Excursión al Valle de Dios

El pasado fin de semana, del 14 al 15 de abril, nos aventuramos dentro del territorio del Parque Nacional Montaña La Humeadora, para disfrutar de los tesoros del Valle de Dios: un lugar apartado pero de conexiones profundas con las energías de la vida y la naturaleza. Fuimos 28 personas donde todas demostramos que, con el el sudor de nuestra frente y la fuerza de nuestra espalda, el backpacking es posible en la República Dominicana. Todos ganaron su membresía en el Trekking Crew.


Como es nuestra costumbre, nuestra aventura inició semanas antes de la excursión, proveyendo información, técnicas y equipos para realizar el campismo de manera autónoma e independiente. Los participantes de nuestra excursión aprendieron sobre cómo reducir su impacto en la zona a visitar, cómo preparar su mochila, qué alimentos llevar, cómo llevar el peso, cómo hacer la caminata y cómo orientarse en el sendero utilizando su celular como unidad GPS. Es un proceso en el que se aprende viviendo la experiencia.

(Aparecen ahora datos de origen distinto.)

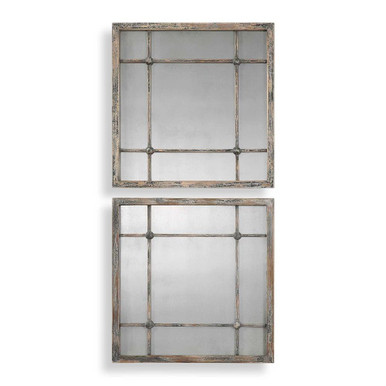 Saragano 19 Inch Square Mirror (Set of 2) by Uttermost - 13845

Este fin de semana el camino al Valle de Dios estuvo cargado de humedad y lluvia ligera. Esto nos acompañó casi en todo momento, brindándonos un reto adicional al subir el empinado sendero y permitiéndonos hacer gala de por qué llevamos este nombre de Patas Sucias. El lodo estuvo presente y nuestros tenis lo saben. Aún así, las vistas de este recorrido son hermosas y uno aprende a disfrutar del sol y de la lluvia por igual.


El grupo esta vez fue muy diverso, lo que es normal en un grupo grande. Durante el recorrido se formaron pequeños grupos de personas que iban a un ritmo similar, o de personas que se iban encontrando en el trayecto. También los hubo del tipo que salían de último y llegaban de primero, y nos pasaban por el lado a una velocidad envidiable. Definitivamente los más pequeños siempre nos sorprenden, y en esta ocasión contamos con la participación de una joven de 14 años, la que se mantuvo alegre todo el tiempo y nos hacía reír con sus ocurrencias. Estos son los recuerdos que se atesoran por años, son los retos que fortalecen el carácter y son las historias que se cuentan a los hijos y a los nietos. Es maravilloso el practicar el senderismo desde muy temprana edad.


Aunque el fin de semana estuvo lluvioso y el calor del sol se hizo sentir por su ausencia, pudimos disfrutar del Río Mahomita y de la temperatura de sus aguas. Fue delicioso bañarnos en él para quitarnos todo el sudor y darle una ayuda a nuestros cansados músculos. Igualmente, pudimos disfrutar del Cajón, balneario delicioso donde algunos pocos pudieron saltar en sus aguas. Con todo y todo, el ambiente se prestaba más para el descanso y la contemplación de la naturaleza. La lluvia nocturna y matutina nos arrulló para que bajáramos el ritmo de nuestro acelerado vivir y comprendiéramos que cada cosa tiene su momento en el infinito ir y venir del tiempo.


El Valle de Dios nos regaló su magia y salimos de ahí convencidos de que es un lugar maravilloso, que te ayuda a replantear la vida, los objetivos y las metas, y te recuerda que no hay planes perfectos, sino que hay que ir adaptándose a las cosas que surgen y a aprender a disfrutar de la lluvia, del sol, del lodo, del sudor y del cansancio, pues todo ello es parte del camino y nos muestra lo maravilloso que es estar vivo. Por eso #NosotrosAcampamos.